# PROBLEM
Your response must be an exact transcription of the lines from the one containing "Portable CD Player" through the final line of the data.
*-*-*
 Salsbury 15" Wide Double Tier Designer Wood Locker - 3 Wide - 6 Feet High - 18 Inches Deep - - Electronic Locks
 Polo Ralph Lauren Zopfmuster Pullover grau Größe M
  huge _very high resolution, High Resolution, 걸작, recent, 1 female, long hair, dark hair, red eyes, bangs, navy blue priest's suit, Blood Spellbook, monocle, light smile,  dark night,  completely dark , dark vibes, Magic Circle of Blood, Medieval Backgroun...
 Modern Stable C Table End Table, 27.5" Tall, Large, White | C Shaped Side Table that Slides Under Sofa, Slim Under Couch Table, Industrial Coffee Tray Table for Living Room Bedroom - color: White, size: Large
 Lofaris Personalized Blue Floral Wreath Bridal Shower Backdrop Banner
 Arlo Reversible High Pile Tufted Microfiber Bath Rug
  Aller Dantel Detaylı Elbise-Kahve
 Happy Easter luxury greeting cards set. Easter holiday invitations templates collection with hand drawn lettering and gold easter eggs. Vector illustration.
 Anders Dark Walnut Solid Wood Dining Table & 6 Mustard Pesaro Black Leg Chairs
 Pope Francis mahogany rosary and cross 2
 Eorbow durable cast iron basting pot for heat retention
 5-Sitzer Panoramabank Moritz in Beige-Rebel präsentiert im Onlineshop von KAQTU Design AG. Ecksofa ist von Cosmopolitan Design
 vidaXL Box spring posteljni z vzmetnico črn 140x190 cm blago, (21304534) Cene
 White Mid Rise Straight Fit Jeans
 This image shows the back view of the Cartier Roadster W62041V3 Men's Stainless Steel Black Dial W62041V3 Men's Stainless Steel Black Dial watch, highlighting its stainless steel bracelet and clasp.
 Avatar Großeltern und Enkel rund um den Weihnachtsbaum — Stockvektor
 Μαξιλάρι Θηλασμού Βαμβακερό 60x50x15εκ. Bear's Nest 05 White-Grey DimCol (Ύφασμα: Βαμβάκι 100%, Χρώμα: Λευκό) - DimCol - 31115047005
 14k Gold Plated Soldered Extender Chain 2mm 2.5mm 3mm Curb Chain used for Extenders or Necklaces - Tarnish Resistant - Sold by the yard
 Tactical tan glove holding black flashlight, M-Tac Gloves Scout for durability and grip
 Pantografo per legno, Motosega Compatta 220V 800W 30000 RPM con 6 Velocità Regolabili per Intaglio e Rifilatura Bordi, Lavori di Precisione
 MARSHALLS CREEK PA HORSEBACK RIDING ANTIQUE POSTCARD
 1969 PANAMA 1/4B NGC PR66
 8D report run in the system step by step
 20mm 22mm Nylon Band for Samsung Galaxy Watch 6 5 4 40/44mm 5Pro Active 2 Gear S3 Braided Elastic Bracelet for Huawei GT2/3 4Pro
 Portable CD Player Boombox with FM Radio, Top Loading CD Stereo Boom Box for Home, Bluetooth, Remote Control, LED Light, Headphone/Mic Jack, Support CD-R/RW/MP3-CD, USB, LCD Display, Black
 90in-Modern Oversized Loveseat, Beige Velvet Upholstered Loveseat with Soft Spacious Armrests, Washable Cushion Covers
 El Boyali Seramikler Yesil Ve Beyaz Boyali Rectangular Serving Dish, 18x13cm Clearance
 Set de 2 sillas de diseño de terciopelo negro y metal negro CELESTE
*-*-*
# EXERCISE ANSWER
 Portable CD Player Boombox with FM Radio, Top Loading CD Stereo Boom Box for Home, Bluetooth, Remote Control, LED Light, Headphone/Mic Jack, Support CD-R/RW/MP3-CD, USB, LCD Display, Black
 90in-Modern Oversized Loveseat, Beige Velvet Upholstered Loveseat with Soft Spacious Armrests, Washable Cushion Covers
 El Boyali Seramikler Yesil Ve Beyaz Boyali Rectangular Serving Dish, 18x13cm Clearance
 Set de 2 sillas de diseño de terciopelo negro y metal negro CELESTE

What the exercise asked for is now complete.